Wednesday, July 8, 2009

How Goethe Dealt with Heights

Among the first sights Goethe describes on his arrival in Strassburg in April 1770 is the cathedral. Indeed, it was, he claims in Poetry in Truth (pt. 2, book 9), his "dearest desire" to see it, a "colossus," almost too large to register in the small square in which it stood, but which nevertheless made a "unique" impression on him. The cathedral also offers him a novel way of overcoming his paralyzing fear of heights:

All alone, I climbed up to the highest part of the cathedral tower and sat in its so-called neck, under the crown, as it is named, for a good quarter of an hour until I dared to go back out in the open air and stand on a platform that is hardly a yard square and has hardly any handhold. From there one sees the infinite landscape before one's eyes, while the ornaments and other things round about hide the church and everything upon and above which one is standing.

It is exactly as if one were aloft in a Montgolfier balloon [pictured above in the 1784 painting by Antonio Carnicero]. I exposed myself to similar fears and torments often enough so that I became quite indifferent to the impression they made, and since then these preliminary exercises have been a great advantage to me on mountain trips and in geological studies, on large construction sites where I completed with the carpenters in running over ledges and exposed beams, even in Rome, where one must engage in just such exploits to get a closer look at some significant art works.

I thought of this passage when reading last week about the new glass viewing platform on the Willis Tower (formerly Sears Towers) in Chicago. According to the news report, the platform is suspended 1,353 feet in the air and just four feet from the Tower's 103d floor Skydeck. The transparent walls, floor, and ceiling give viewers the impression of "floating over the city." The "Ledge," as it is called, is open to the public, "for those brave enough to look straight down," to a "heart-stopping vista of the street and Chicago River below."

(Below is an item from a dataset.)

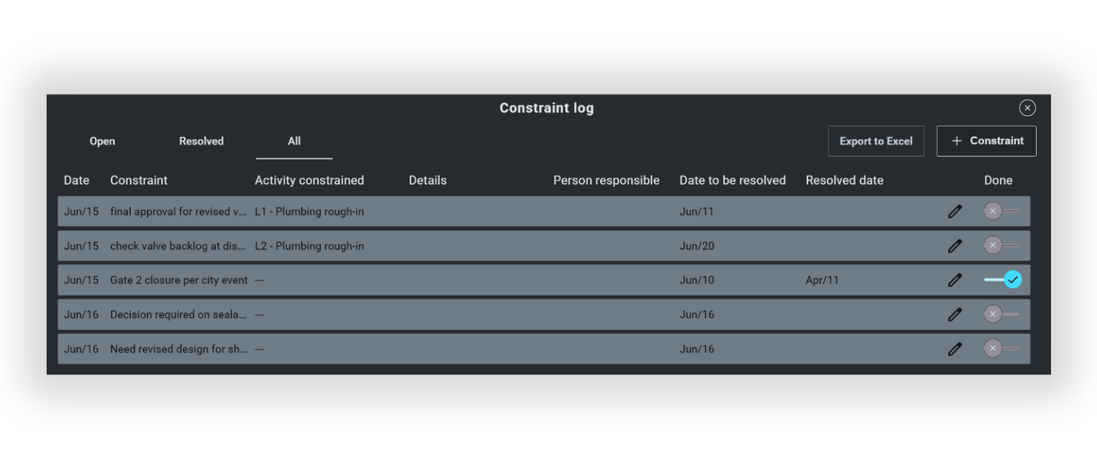 Constraint log in Nialli Visual Planner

Well, count me out. According to the news stories, my reaction is typical of adults. Thus, I like the spectral image at the top of the post. Children, however, are said to take right to this spectacular height.

Credits: Robert R. Heitner (Poetry and Truth); Museo del Prado; Artefaqs Corporation (Willis Tower)

1 comment:

PaulDu said...

I wonder if one can still climb up into the Cathedral tower as Goethe did. I suppose it has been sealed off for safety's sake.